To correct this, we can use `np.argmin()` to select for each column the highest count to generate a "translation dictionary" between the assigned cluster labels and the original true labels. If we apply this, the resulting confusion matrix looks at least a bit better:

In [None]:
prediction_dictionary = dict(zip(range(11), np.argmax(matrix, axis=0))) # pred label 1 and 4 end up being label 3

matrix_new = confusion_matrix(y_train, [prediction_dictionary[i] for i in y_pred_train])
sns.heatmap(matrix_new, square=True, annot=True, fmt='d')
plt.xlabel('predicted label')
plt.ylabel('true label');

In [None]:
# Select which cluster to look at -> predicted label != class label!
cluster_number=5

# specify the number of rows and columns you want to see
num_row = 4
num_col = 5

# Here we compute how many samples we want:
num = num_row*num_col 

indices_for_class=np.argwhere(y_pred_train==cluster_number).flatten() #get all the indices that are samples of the class we are interested in
images = X_train_flat[indices_for_class][:num] # filter for the indices and only get as many as we need
labels = y_train[indices_for_class][:num]
original_index =indices_for_class[:num]   # keep original index, so that we can find the items again

# plot images
fig, axes = plt.subplots(num_row, num_col, figsize=(1.5*num_col,2*num_row))
for i in range(num):
    if num_row>1 and num_col>1:
        ax = axes[i//num_col, i%num_col]
    elif num >1:
        ax = axes[i]
    else: ax=axes
    #(image,ax,title,show_minor=False,show_major=False):
    custom_imshow(images[i].reshape(28,28),ax,f'Item: {original_index[i]}\n Correct Label: {labels[i]}\n{class_names_dict[labels[i]]}',show_minor=False,show_major=False)
fig.suptitle(f'Sample of items from predicted cluster {cluster_number}', fontsize=16)
 
plt.tight_layout()
plt.show()

As we suspected, the cluster with the predicted label `6`, which are trousers, works quite well. Other clusters like e.g. `5` is a wild mixture of sandals, ankle boots, coats, pullovers and more. 

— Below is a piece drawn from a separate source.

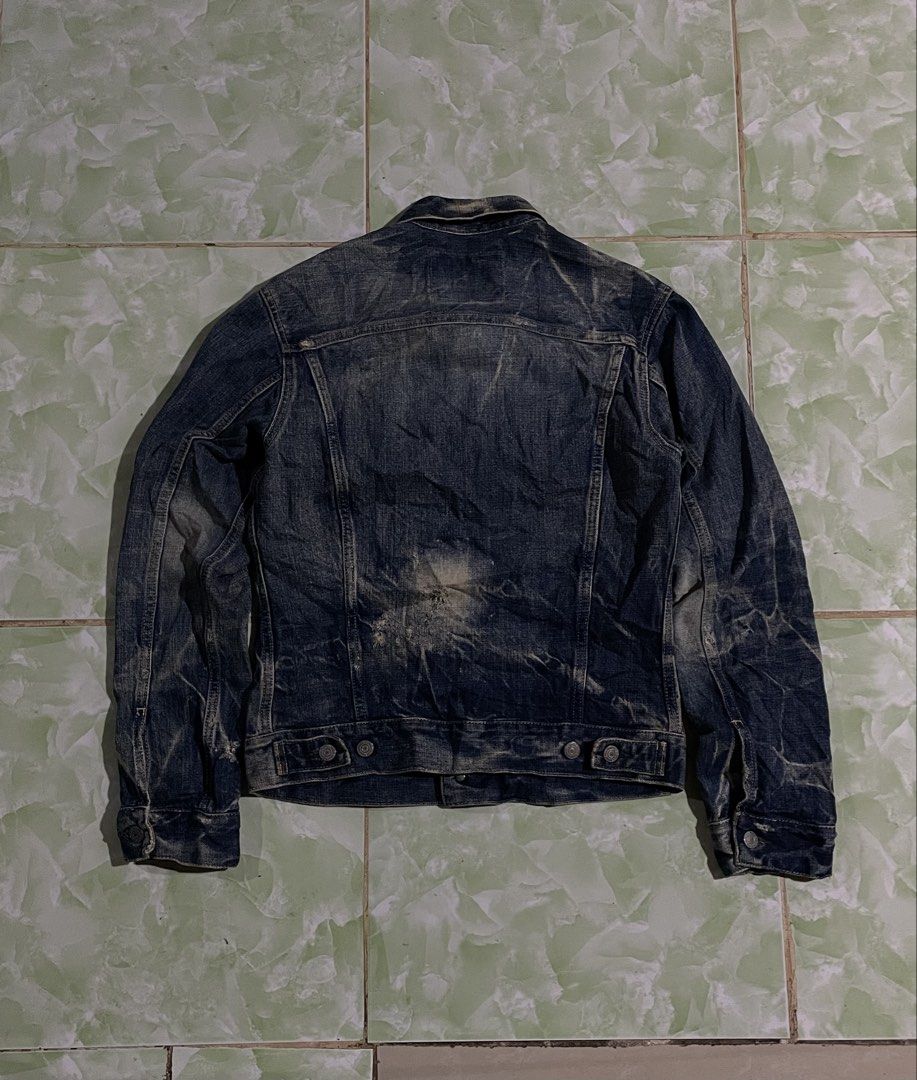 VINTAGE 90’s SPELL BOUND JAPAN DENIM JACKET (Category: Coats, Jackets and Outerwear) located in Cagayan de Oro. Submitted by patrickjam03829 (Listing ID 1463691955, Image 2). Description: width 20.5 length25 good condition .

A nice property of K-Means is, that it computes for each cluster a cluster center (centroid). This centroid is composed of the mean values of all items belonging to that cluster. When we visualise the cluster centroids, we will see the "mean" picture of all observations belonging to a cluster.

In [None]:
# specify the number of rows and columns you want to see
num_row = 3
num_col = 5

# get a segment of the dataset
num = min(num_row*num_col,len(kmeans.cluster_centers_))
images = kmeans.cluster_centers_

# plot images
fig, axes = plt.subplots(num_row, num_col, figsize=(1.5*num_col,2*num_row))
for i in range(num_row*num_col):
    if num_row>1 and num_col>1:
        ax = axes[i//num_col, i%num_col]
    elif num >1:
        ax = axes[i]
    else: ax=axes
    if i>num-1:
        ax.axis('off')
    else:
        custom_imshow(images[i].reshape(28,28),ax,f'Centroid: {i}',show_minor=False,show_major=False)
fig.suptitle(f'KMeans Clustercenter', fontsize=16)
 

plt.tight_layout()
plt.show()

## Conclusion
With the example in this notebook we had the advantage of knowing the correct labels and the possibility to visualise the data nicely. Typically when using clustering, we are dealing with unsupervised learning, i.e. data **without** labels, which makes evaluating the performance a lot more difficult. 

In the next notebook, we will have a look at how to approach a clustering problem and evaluate the performance in situations where we don't have labels and cannot easily visualise our data.